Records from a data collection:
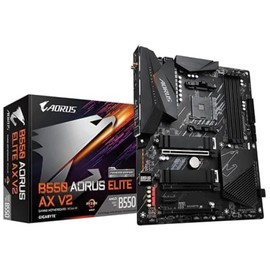 GIGABYTE B550 AORUS ELITE AX V2 Motherboard, Supports AMD AM4 Ryzen 5000 Processors, ATX, DDR4, Dual M.2, SATA 6Gb/s, 2.4/5 GHz Dual-Band, 2.5 GbE LAN, PCIe 4.0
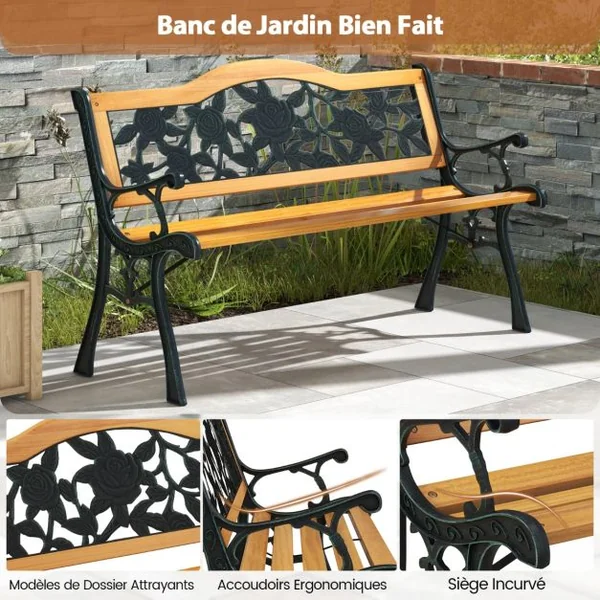Banc de Jardin 127,5 cm Banc de Parc à Structure en Métal Moulé avec Siège en Bois Banc d'Extérieur pour 3 Personnes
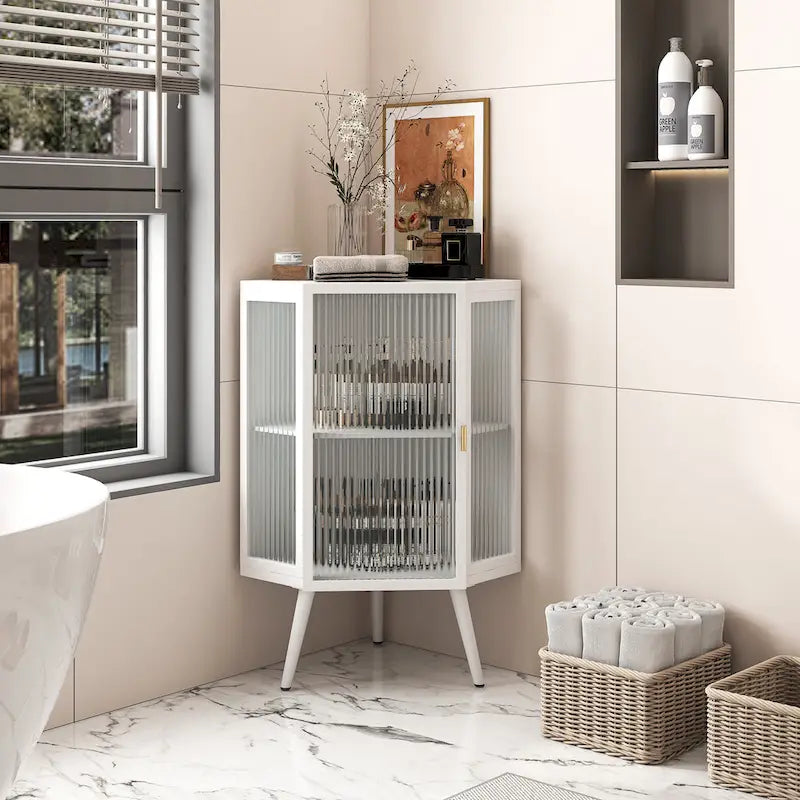 Armoire d’angle au sol, 3 niveaux avec portes en verre trempé et tablettes de rangement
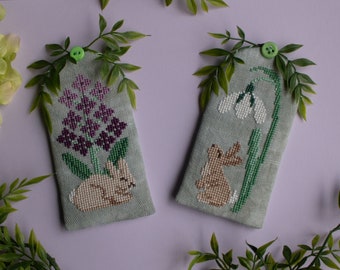 Spring Cottontails Cross Stitch Pattern - Tulip, Hyacinth, and Snowdrop Flowers with Rabbits - Small Vernal Bunnies - PDF Digital Download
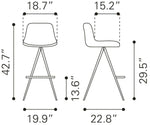 Zuo Modern Indoor Bar Stools, 42.7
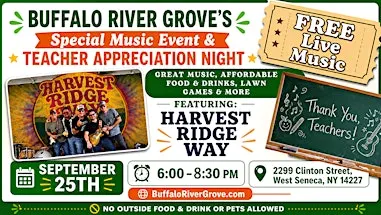 TEACHER APPRECIATION NIGHT: FREE Live Music by Harvest Ridge Way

Work instructions => Leave the pictures out and restate exactly the lines from the one that has "Zuo Modern Indoor Bar Stools, 42.7" through the final line of the entries above, both ends included.

Response =>
 Zuo Modern Indoor Bar Stools, 42.7
 TEACHER APPRECIATION NIGHT: FREE Live Music by Harvest Ridge Way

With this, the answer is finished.